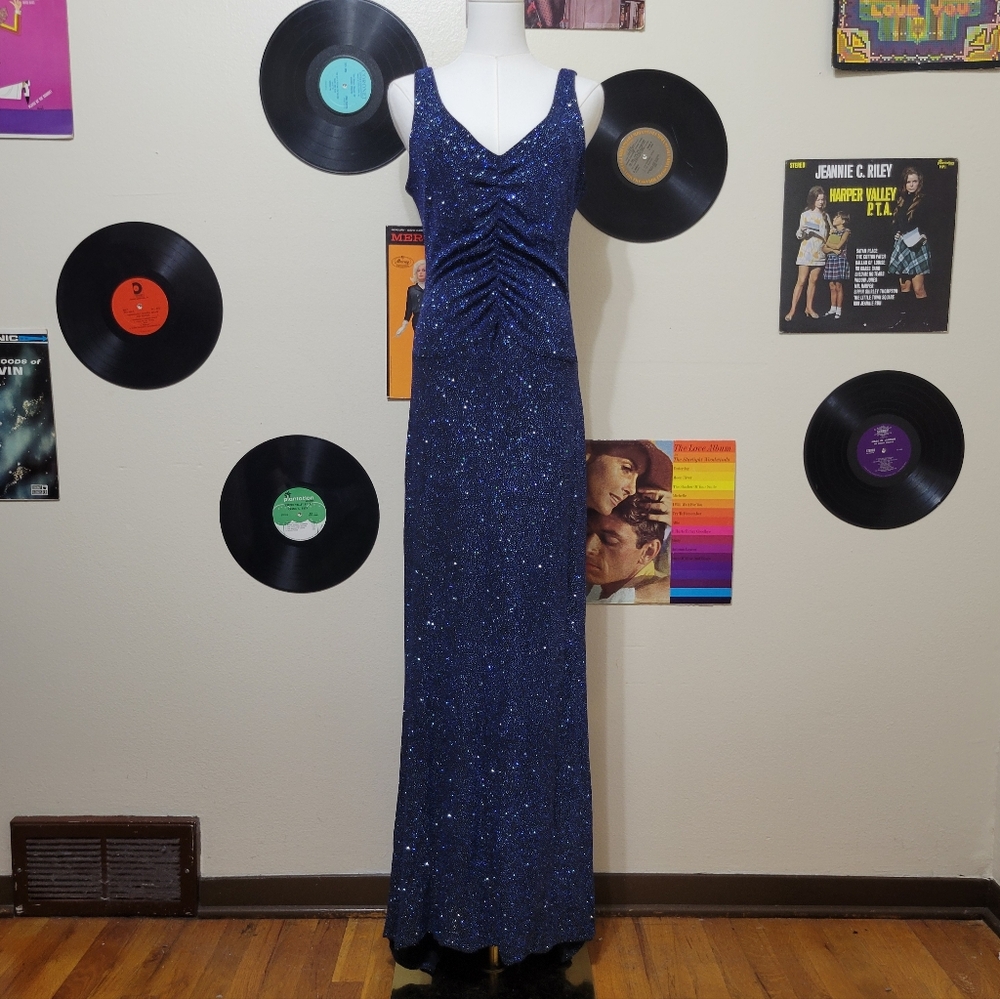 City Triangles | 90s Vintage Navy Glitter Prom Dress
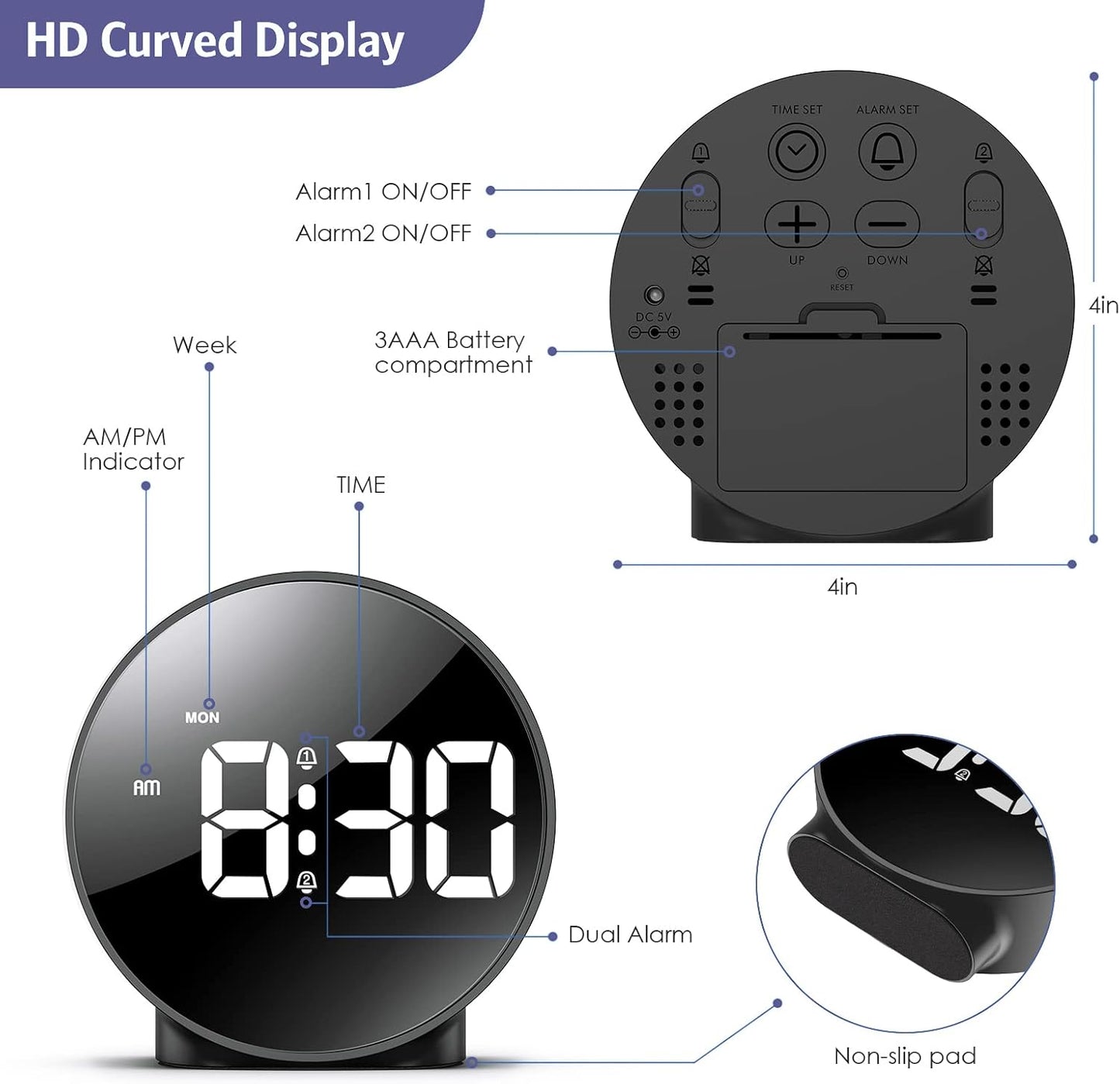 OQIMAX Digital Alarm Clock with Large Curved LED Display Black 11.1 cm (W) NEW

* * * * * * *

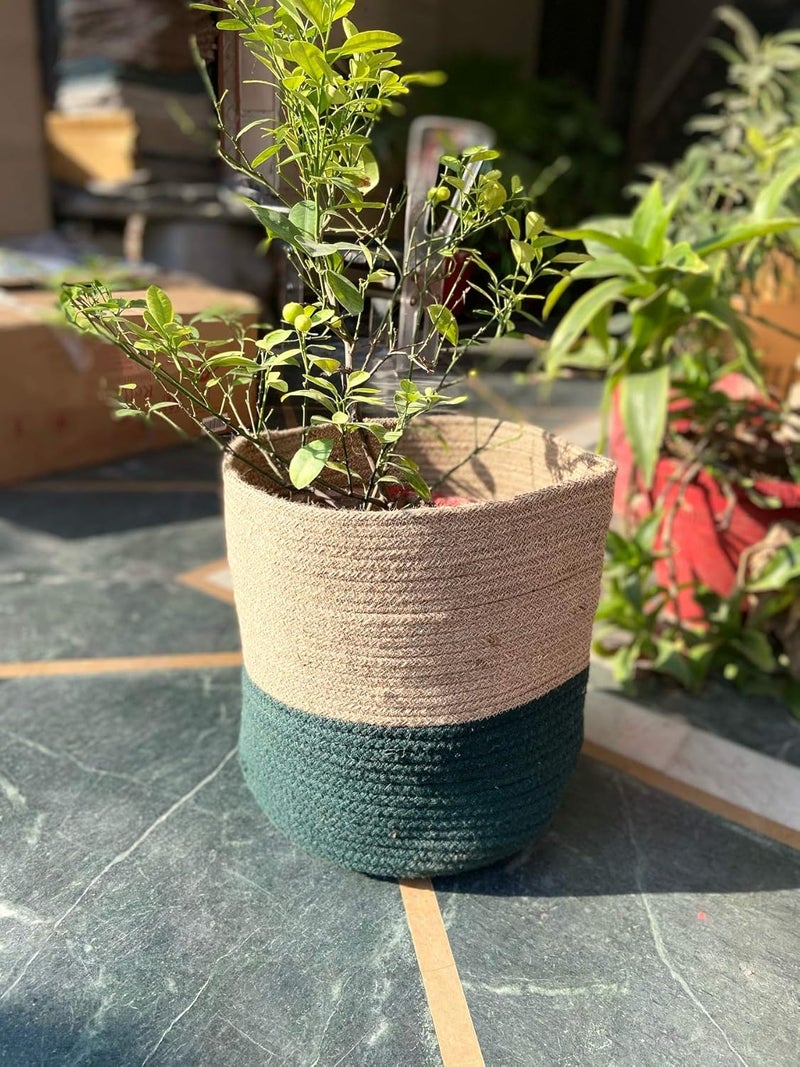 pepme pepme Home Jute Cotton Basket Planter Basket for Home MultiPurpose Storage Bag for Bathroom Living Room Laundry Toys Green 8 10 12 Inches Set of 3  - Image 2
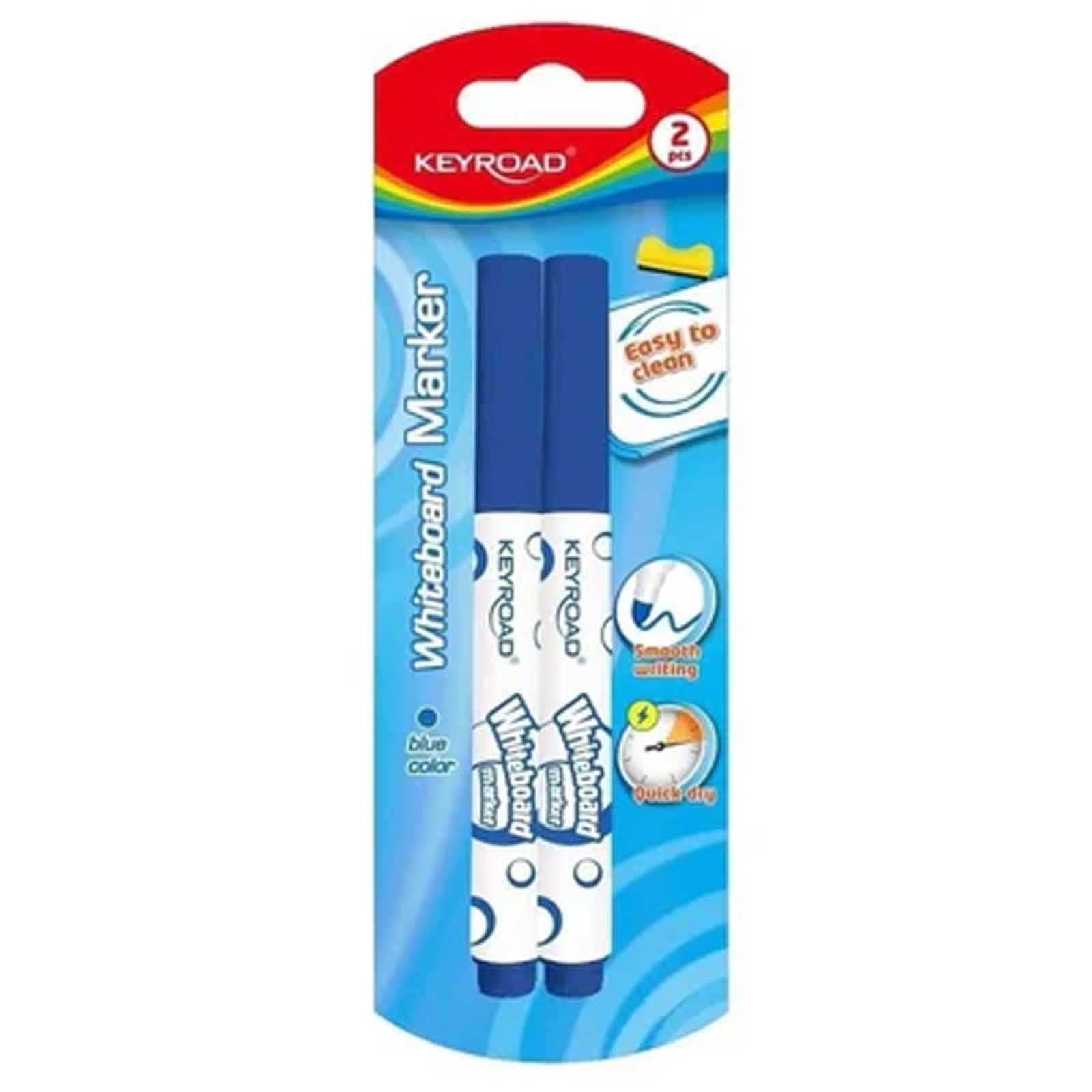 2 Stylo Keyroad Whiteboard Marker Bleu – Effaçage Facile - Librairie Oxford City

* * * * * * *

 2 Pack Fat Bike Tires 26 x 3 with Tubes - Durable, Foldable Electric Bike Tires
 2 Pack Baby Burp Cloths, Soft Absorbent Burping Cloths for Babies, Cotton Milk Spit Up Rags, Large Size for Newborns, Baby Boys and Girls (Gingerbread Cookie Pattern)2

* * * * * * *

§ Task description
Retype only the lines above between the line with "2 Pack Fat Bike" and the line with "2 Pack Baby", counting those two lines as well, and keep every character as it is.

§ Output for this exercise
 2 Pack Fat Bike Tires 26 x 3 with Tubes - Durable, Foldable Electric Bike Tires
 2 Pack Baby Burp Cloths, Soft Absorbent Burping Cloths for Babies, Cotton Milk Spit Up Rags, Large Size for Newborns, Baby Boys and Girls (Gingerbread Cookie Pattern)2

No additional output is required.